In the lofty “what’s next” section of the post, I wrote:

The ultimate goal of this code, however leads to my slow-going super-project, which I called zeeker. It’s a database of personal data protection resources in the cloud, and I hope to expand on the source material here to create an even richer database. So this will not be my last post on this topic.

I also believe that this is a code framework which can be used to scrape other types of legal cases like the Supreme Court, the State Court, or even the Strata Titles Board. However, given my interest in using enforcement decisions as a dataset, I started with PDPC first. Nevertheless, someone might find it helpful so if there is an interest, please let me know!

What has happened since then?

For one, personal data protection commission decisions are not interesting enough for me. Since working on that project, the deluge of decisions has trickled as the PDPC appeared to have changed its focus to compliance and other cool techy projects.

Furthermore, there are much more interesting data out there: for example, the PDPC has created many valuable guidelines which are currently unsearchable. As Singapore’s rules and regulations grow in complexity, there’s much hidden beneath the surface. The zeeker project shouldn’t just focus on a narrow area of law or judgements and decisions.

In terms of system architecture, I made two other decisions.

Use more open-source libraries, and code less.

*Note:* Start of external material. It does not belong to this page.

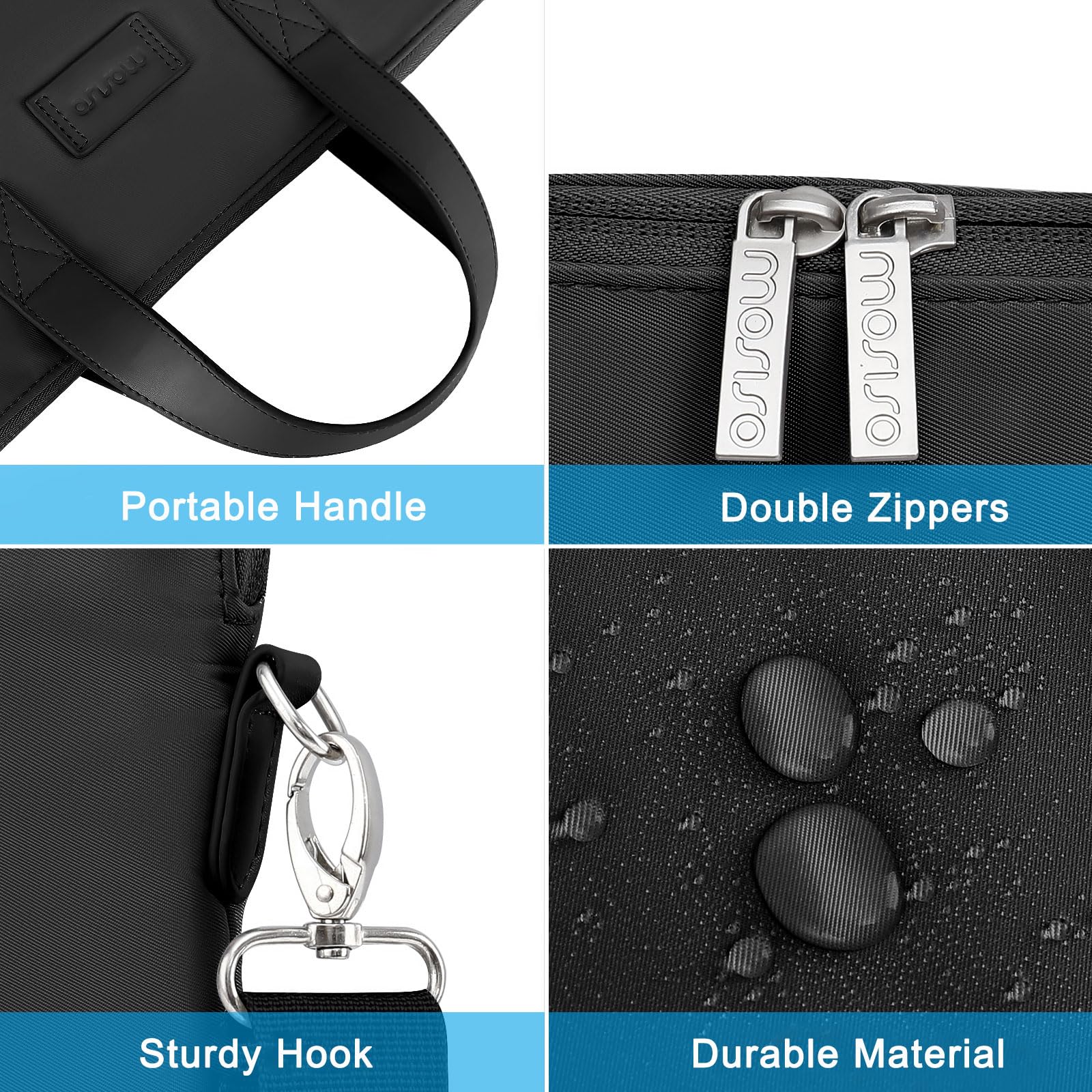 MOSISO 15.6 Inch Laptop Bag for Women - Stylish Computer Briefcase Compatible with MacBook Pro 16 Inch, HP, Dell, Lenovo, Asus, Razer Notebook, Includes Shoulder Strap & Silk Scarf, Black - Perfect for Work, Travel, and Everyday Use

I grew more confident in my coding skills doing pdpc-decisions, but I used a few basic libraries and hacked my way through the data. When I look back at my code, it is unmaintainable. Any change can break the library, and the bog of whacked-up coding made it hard for me to understand what I was doing several months later. Tests, comments and other documentation help, but only if you’re a disciplined person. I’m not that kind of guy.

Besides writing code (which takes time and lots of motivation), I could also “piggyback” on the efforts of others to create a better stack. The stack I’ve decided so far has made coding more pleasant.

There are also other programs I would like to try — for example, I plan to deliver the data through an API, so I don’t need to use Python to code the front end. A Javascript framework like Next.JS would be more effective for developing websites.

Decoupling the project with the programming language also expands the palette of tools I can have. For example, instead of using a low-level Python library like pdfminer to “plumb” a PDF, I could use a self-hosted docker container like parsr to OCR or analyse the PDF and then convert it to text.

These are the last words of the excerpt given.